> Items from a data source

* * *

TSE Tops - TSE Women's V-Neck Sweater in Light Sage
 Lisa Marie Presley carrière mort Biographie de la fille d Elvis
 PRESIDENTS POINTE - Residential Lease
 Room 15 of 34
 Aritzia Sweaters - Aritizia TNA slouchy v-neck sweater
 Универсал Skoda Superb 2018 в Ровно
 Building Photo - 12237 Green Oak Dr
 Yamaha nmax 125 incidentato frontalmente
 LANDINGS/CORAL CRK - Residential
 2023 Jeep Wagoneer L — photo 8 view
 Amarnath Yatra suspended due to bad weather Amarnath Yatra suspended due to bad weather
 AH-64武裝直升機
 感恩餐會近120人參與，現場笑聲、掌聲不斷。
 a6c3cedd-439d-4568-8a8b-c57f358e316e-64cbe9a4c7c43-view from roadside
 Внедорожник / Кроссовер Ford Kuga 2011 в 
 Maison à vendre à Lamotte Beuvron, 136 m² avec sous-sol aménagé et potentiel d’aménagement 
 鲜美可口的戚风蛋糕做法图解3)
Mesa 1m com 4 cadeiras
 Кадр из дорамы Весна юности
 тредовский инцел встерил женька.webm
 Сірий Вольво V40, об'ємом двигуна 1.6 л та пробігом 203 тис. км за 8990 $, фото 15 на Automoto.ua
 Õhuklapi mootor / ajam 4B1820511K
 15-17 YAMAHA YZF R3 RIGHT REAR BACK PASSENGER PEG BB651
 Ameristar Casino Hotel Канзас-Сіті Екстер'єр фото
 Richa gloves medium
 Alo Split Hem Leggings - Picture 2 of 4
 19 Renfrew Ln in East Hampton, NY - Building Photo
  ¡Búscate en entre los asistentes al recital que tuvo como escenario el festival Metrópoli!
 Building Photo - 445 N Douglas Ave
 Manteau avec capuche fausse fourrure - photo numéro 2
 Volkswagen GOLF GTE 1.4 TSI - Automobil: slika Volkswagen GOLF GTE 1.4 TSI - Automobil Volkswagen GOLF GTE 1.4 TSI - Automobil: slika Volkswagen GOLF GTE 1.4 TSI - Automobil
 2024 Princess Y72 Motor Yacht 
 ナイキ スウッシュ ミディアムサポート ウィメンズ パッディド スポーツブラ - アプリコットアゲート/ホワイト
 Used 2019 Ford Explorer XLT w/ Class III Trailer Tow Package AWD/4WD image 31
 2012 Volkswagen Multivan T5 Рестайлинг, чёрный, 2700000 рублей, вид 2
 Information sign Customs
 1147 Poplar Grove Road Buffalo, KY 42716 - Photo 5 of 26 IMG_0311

* * *

> Prompt
I need every line of the data that has the word "Residential"; please list them.

> Response box
 PRESIDENTS POINTE - Residential Lease
 LANDINGS/CORAL CRK - Residential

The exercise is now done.